Spring Message 2015

Greetings, (imminent) gardeners,

Wow – was that snow last weekend?

Welcome to the Nutana Community Gardens (NCG) for the 2015 growing season.  For those who have gardened with us in the past, welcome back. For the many of you who stand to garden with us for the first time, welcome to a tradition of community building through community gardening. 

I’d like to share with you a bit of the history of Nutana Community gardening. Our plots began with a small-scale conversion of a vacant lot. Through an agreement with Mrs. Remai’s company, PR Developments, and a whole bunch of committed gardeners, that garden was expanded to the current bounds of Garden#2, behind the Roastery.

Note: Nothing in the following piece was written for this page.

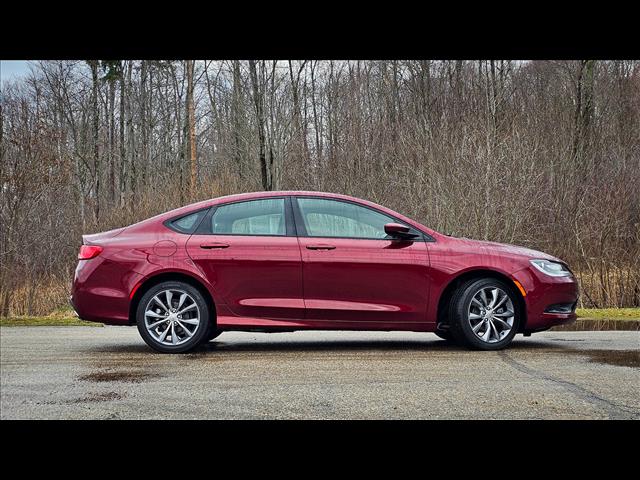 2016 Chrysler 200 S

Water for this garden was initially secured from the old Pilates Centre, and then from Bridgewater Condominiums. Last year saw the inauguration of Garden#1 (see photo), located beside Nutana Collegiate, with three-year agreement for land and water access provided by the City of Saskatoon.

The garden behind the Roastery (Garden#2) has a more complicated existence, surviving through the kindliness of our partners, PR Developments and Bridgewater Condominiums. Our access to this site is never guaranteed: although we have gardened in the Garden#2 site for thirteen years, NCG is only able to secure the use of this valuable piece of real estate only on a year-by-year basis through the landowner. This is why we run the registration for this garden site in person, and not until May – and why we encourage prospective long-term gardeners to go for a plot in Garden#1.  

Community gardening is about building community. We encourage you to be thoughtful of your neighbours –  two frequent complaints have been plots being shaded and planting on borderlines. Some suggestions: plant your rows north-south to maximize sunlight for you and your neighbours; place trellises (north-south, minimal height) in middle of your own plot; when planting, allow enough space for the mature plant. If you find that all of your careful planting goes awry and you encroach upon the space of your neighbours, consider sharing produce as well as conversation. Have fun, enjoy the garden – continue learning and sharing.

As you plan out your plot, remember consideration to others. But also remember that water for the sites, provided by outside partners has not yet been turned on. Hold off from planting water-sensitive plants (or be prepared to haul your own water) until you receive the announcement that the taps have been turned on.